DATASET CONTENT
····················
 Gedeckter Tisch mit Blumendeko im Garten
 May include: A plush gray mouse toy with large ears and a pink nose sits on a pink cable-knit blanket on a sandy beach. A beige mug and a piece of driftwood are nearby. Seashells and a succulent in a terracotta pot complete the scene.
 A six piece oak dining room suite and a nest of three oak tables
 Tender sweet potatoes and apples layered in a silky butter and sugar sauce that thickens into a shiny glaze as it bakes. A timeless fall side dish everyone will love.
····················
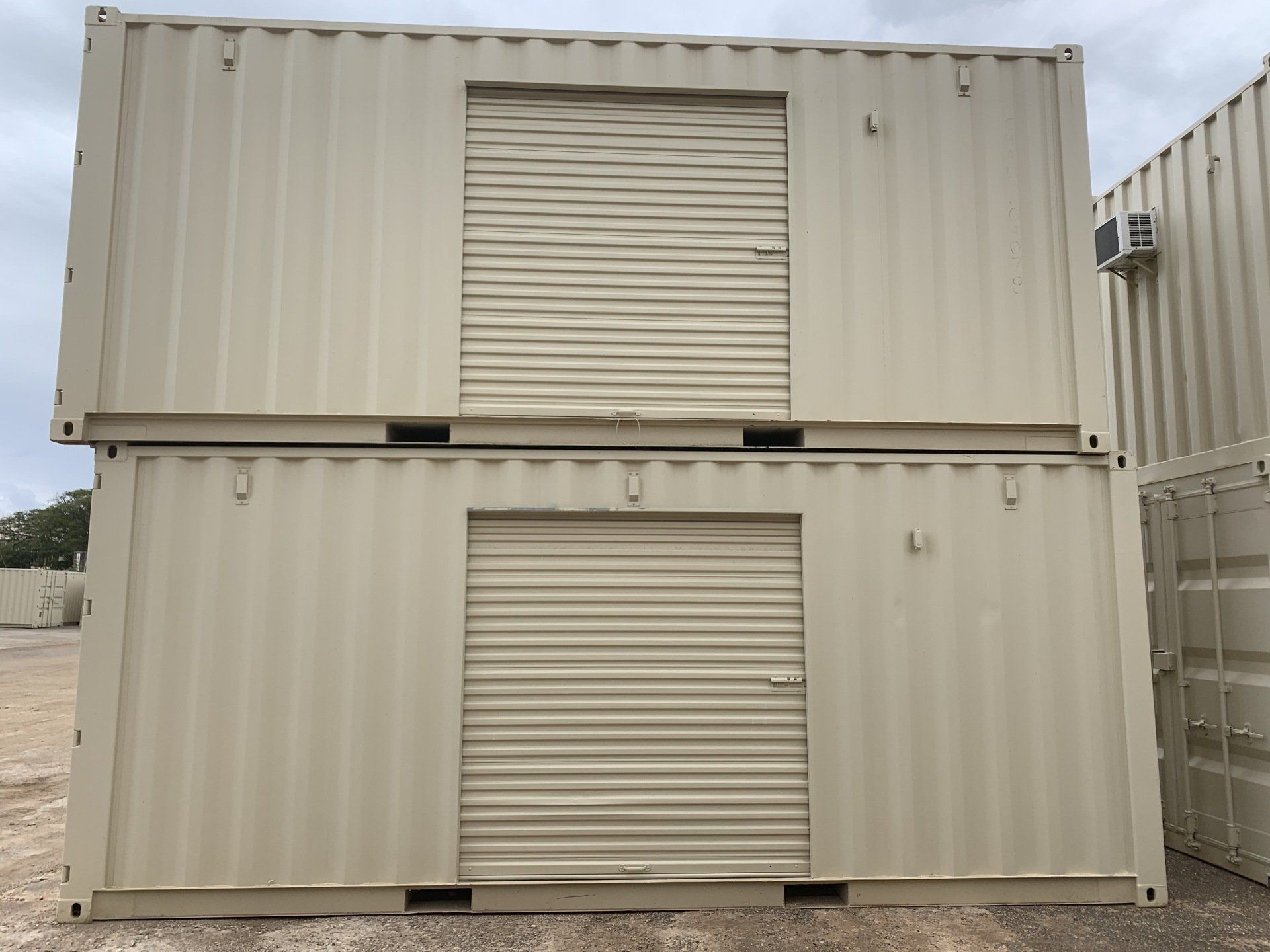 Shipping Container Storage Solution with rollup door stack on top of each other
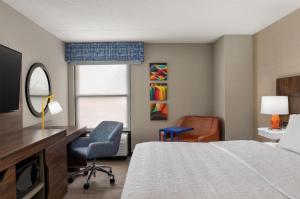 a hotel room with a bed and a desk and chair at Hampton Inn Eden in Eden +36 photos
····················
THE TASK
The response should hold exactly the lines starting at the line with "A six piece" and ending at the line with "Tender sweet potatoes", and no other line of the material above.

RESULT FOR THIS TASK
 A six piece oak dining room suite and a nest of three oak tables
 Tender sweet potatoes and apples layered in a silky butter and sugar sauce that thickens into a shiny glaze as it bakes. A timeless fall side dish everyone will love.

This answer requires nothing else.